Insurance, therefore, is an integral part of the retail business, which allows the retailer to stride on to his new ventures boldly and fearlessly, and that too at minimum costs, with a guarantee of recovering his losses from an insurance company in case of a mishap. The insurance premium rates are currently at the lowest, owing to fierce market competition amongst public sector and private sector insurance companies.
The insurance also becomes a mandatory requirement since every entrepreneur is financially attached to a banker or a financier for his various kinds of liens with the former. And the bankers too insist upon insuring the related property before allowing any transactions through them in order to save their interests if any mishappening takes place.
Direct losses may arise to building, property, and interests due to fire or allied perils. There may be several risks hovering over a retailer’s interests depending upon the nature of business, location of business and unforeseen events, like floods, earthquakes and riots. Besides these, there are other risks too, like theft, burglary and frauds which a retailer may have to seek cover for. It is virtually impossible for a retailer to buy protection for every conceivable loss. It is therefore, necessary to arrive at a compromise as to what cover one has to essentially choose for probability of risks at any given site or premises. Fire risk is the most commonly feared risk, because in case of any eventuality, it may completely devastate the property and reduce the owner to a pauper.
Let us identify what fire insurance in insurers’ parlance means and what risk package they normally offer.
Fire insurance policy
Standard fire policy usually covers fire due to any cause, subject to some exceptions which too may be covered with additional premium.

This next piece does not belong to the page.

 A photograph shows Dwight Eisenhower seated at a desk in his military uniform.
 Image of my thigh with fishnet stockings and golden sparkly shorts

Insurers currently provide two types of standard fire policies based on class of property. And they are:
1. Non- industrial property, such as dwellings, offices, hotels, shops (located outside the compounds of industrial / manufacturing risks)

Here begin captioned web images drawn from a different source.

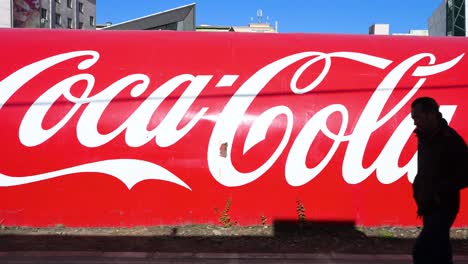 On a bright day, people walk past a wall in Ulaanbaatar, Mongolia, displaying the Coca-Cola logo and its signature red color, advertising the renowned American soft drink.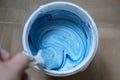 Can of white-blue paint with a brush, top view. Royalty Free Stock Photo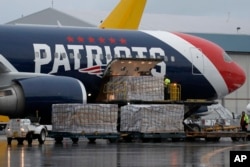Palettes of N95 respirator masks are off-loaded from the New England Patriots football team's customized Boeing 767 jet on the tarmac, Thursday, April 2, 2020, at Logan Airport in Boston, after returning from China.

2. Industrial / manufacturing risks.
The policy is known as Standard Fire and Special Perils Policy. And it covers the following risks:
Explosion / implosion
Aircraft damage: loss, destruction of damage caused by aircraft or other aerial or space devices and articles dropped from there by accident.

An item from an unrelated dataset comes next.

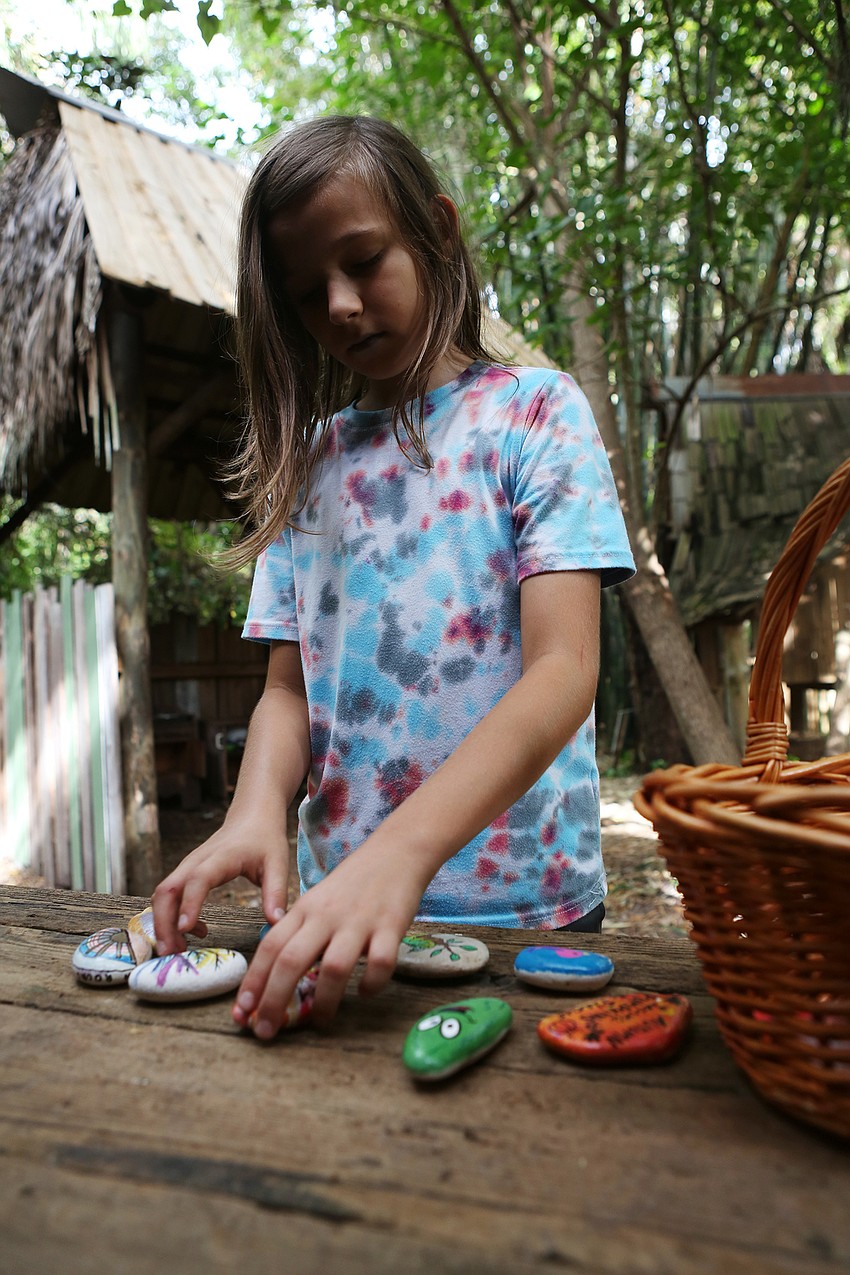 Sky Adams organizes his rocks.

Riot, strike, malicious damage and terrorism damage
Storm, cyclone, typhoon, tempest, hurricane, tornado, flood and inundation
Impact damage, i.e., damage or destruction caused to property due to impact by rail/road vehicle or animal by direct contact.
Bursting and / or overflowing of water tanks, pipes
Leakage from automatic sprinkler
Missile testing operations
Fire risk is defined as loss or damage to property through fire, flame and ignition. Therefore, fire through fermentation, natural heating and natural combustion are not covered. Burning of property by order of any public authority is also not covered. All the above counted risks carry their set definitions and are subject to the limitations and exclusions of the fire policy. The premium is charged on the insured’s estimated value of the property at the rates prevalent at the time of insurance, and the period of insurance is normally one year, which can be renewed year after year based upon latest stock position.
The insurers nowadays even modify the insurance policy to insured’s specific requirement. The modified insurance policy is commonly called as specific policy. The retailer/owner may also opt for add-on covers if he so desires in addition to the covers already provided under standard fire policy, like, spontaneous combustion, forest fire, earthquake (fire & shock), start-up expenses, terrorism risks etc. on payment of additional premium.
It is disheartening to note that retailers who require insurance the most are found wanting in availing insurance covers due to lack of awareness, apathy and little cost of premium. The insurance companies are located at every nook and cranny of the country, what is required is a visit to an insurance company’s office, filling up of a proposal form, depositing the premium and receiving the insurance policy. It really is no rocket-science.